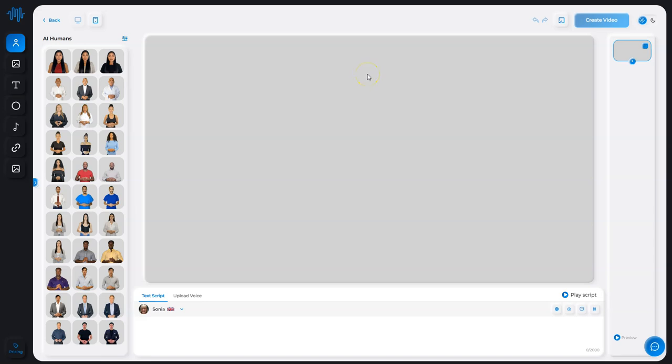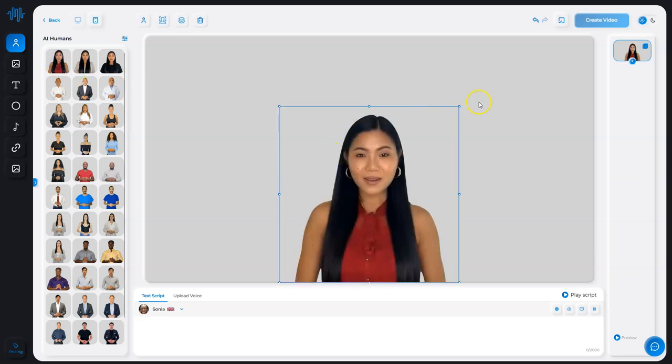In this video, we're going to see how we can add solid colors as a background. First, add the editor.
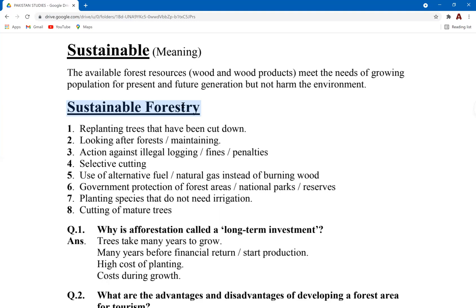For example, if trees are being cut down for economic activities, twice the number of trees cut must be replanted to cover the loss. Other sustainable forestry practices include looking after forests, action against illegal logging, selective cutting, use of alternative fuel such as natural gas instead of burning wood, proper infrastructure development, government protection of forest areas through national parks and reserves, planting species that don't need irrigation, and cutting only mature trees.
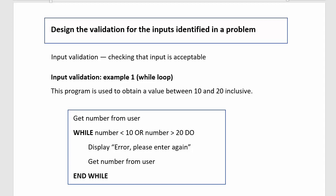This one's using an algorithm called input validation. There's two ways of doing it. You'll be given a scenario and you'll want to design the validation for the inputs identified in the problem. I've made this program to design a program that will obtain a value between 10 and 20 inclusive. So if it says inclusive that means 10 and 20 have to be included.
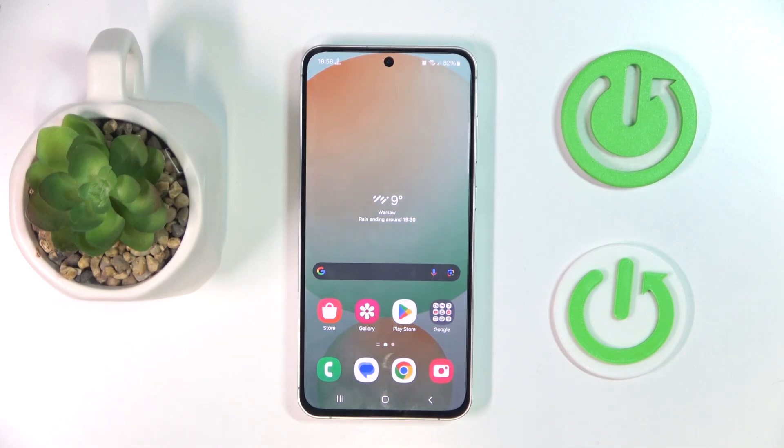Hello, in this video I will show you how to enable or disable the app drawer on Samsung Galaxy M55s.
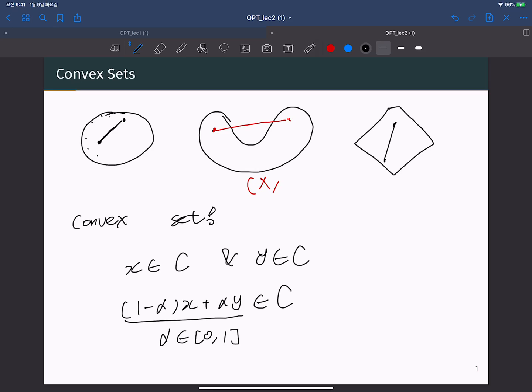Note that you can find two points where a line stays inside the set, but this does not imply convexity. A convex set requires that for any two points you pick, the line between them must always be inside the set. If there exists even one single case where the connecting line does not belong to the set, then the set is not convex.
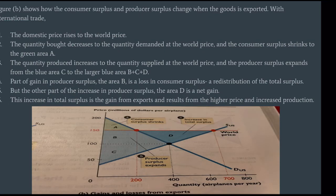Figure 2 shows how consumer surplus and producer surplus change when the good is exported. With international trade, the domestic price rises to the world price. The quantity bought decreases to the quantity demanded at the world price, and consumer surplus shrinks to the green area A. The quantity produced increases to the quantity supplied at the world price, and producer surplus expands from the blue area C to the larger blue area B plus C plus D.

— WORK INSTRUCTION —
Everything from the first line of the entries through the line that contains "Hello, in this" is to be reproduced exactly, except the pictures.

— RESULT BELOW —
In this video, we're going to see how we can add solid colors as a background. First, add the editor.
For example, if trees are being cut down for economic activities, twice the number of trees cut must be replanted to cover the loss. Other sustainable forestry practices include looking after forests, action against illegal logging, selective cutting, use of alternative fuel such as natural gas instead of burning wood, proper infrastructure development, government protection of forest areas through national parks and reserves, planting species that don't need irrigation, and cutting only mature trees.
This one's using an algorithm called input validation. There's two ways of doing it. You'll be given a scenario and you'll want to design the validation for the inputs identified in the problem. I've made this program to design a program that will obtain a value between 10 and 20 inclusive. So if it says inclusive that means 10 and 20 have to be included.
Hello, in this video I will show you how to enable or disable the app drawer on Samsung Galaxy M55s.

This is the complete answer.